The introduction spells out their limitations:

FIDE Laws of Chess cover over-the-board play. The Laws of Chess have two parts: 1. Basic Rules of Play and 2. Competition Rules.

Arguably they only cover behaviour while playing over the board. Hence article 11.1 does not apply.

11.1 The players shall take no action that will bring the game of chess into disrepute.

FIDE does have codes of ethics.
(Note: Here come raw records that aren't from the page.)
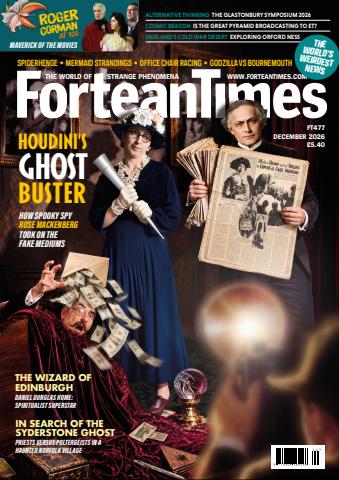 Fortean Times issue December 2026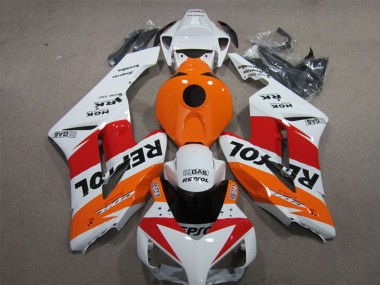Preisgünstige Honda CBR1000RR Motorrad Verkleidung 2004-2005 - Weiss Orange Rot Schwarz Repsol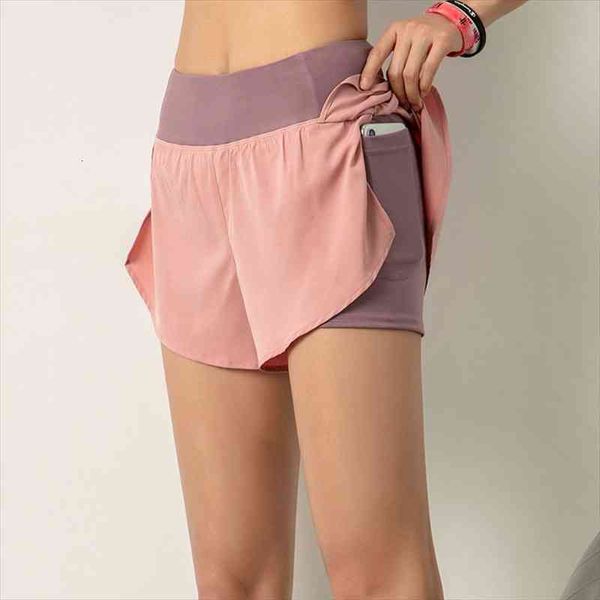 

summer womens shorts with pockets high waist fitness shorts women workout quick dry breathable, White;black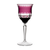 Birks Crystal Chloe Purple  Small Wine Glass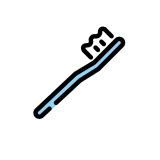 Четка за зъби - OpenMoji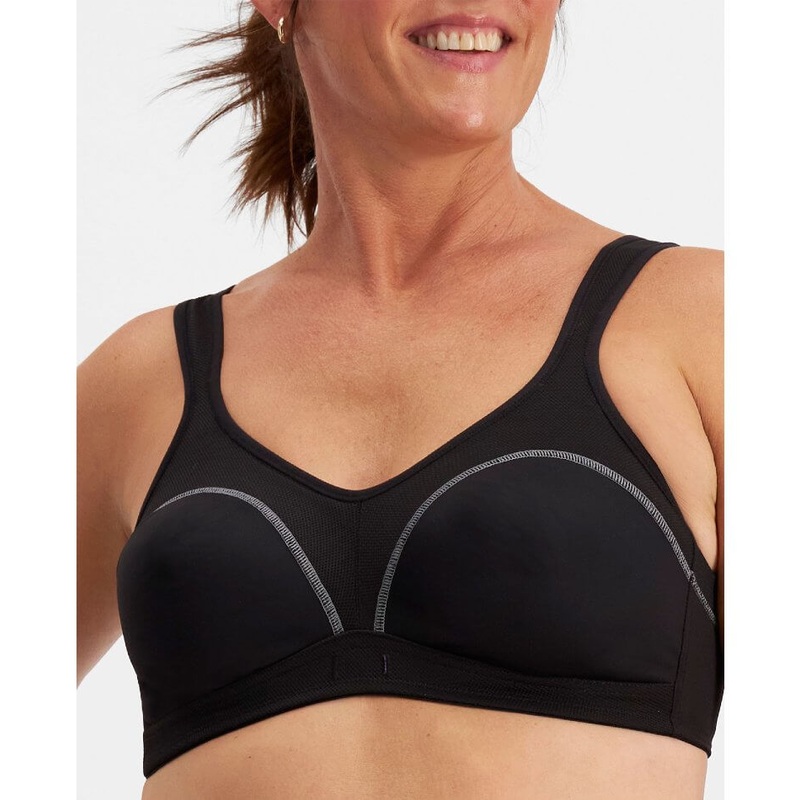 Playtex High Impact Wire-free Bra – Black 38DD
There are two published documents, one covering the period up to April 2022 and one the period after.

The current code, Code of Ethics effective till 1 April 2022, was originally written in 1989 and amended in 1996 and mainly covers chess play and chess politics.

  1. Breach of Ethics

The Code of Ethics shall be breached by a person or organization who directly or indirectly

2.1 offers, or attempts to offer or accepts any consideration or bribe with a view of influencing the result in a game of chess or election into FIDE office.

2.2 in other respects acts contrary to this Code.

There follows a list of competition related items, but at the very end we have the "ethics" equivalent of 11.1:

2.2.10 In addition, disciplinary action in accordance with this Code of Ethics will be taken in cases of occurrences which cause the game of chess, FIDE or its federations to appear in an unjustifiable unfavorable light and in this way damage its reputation.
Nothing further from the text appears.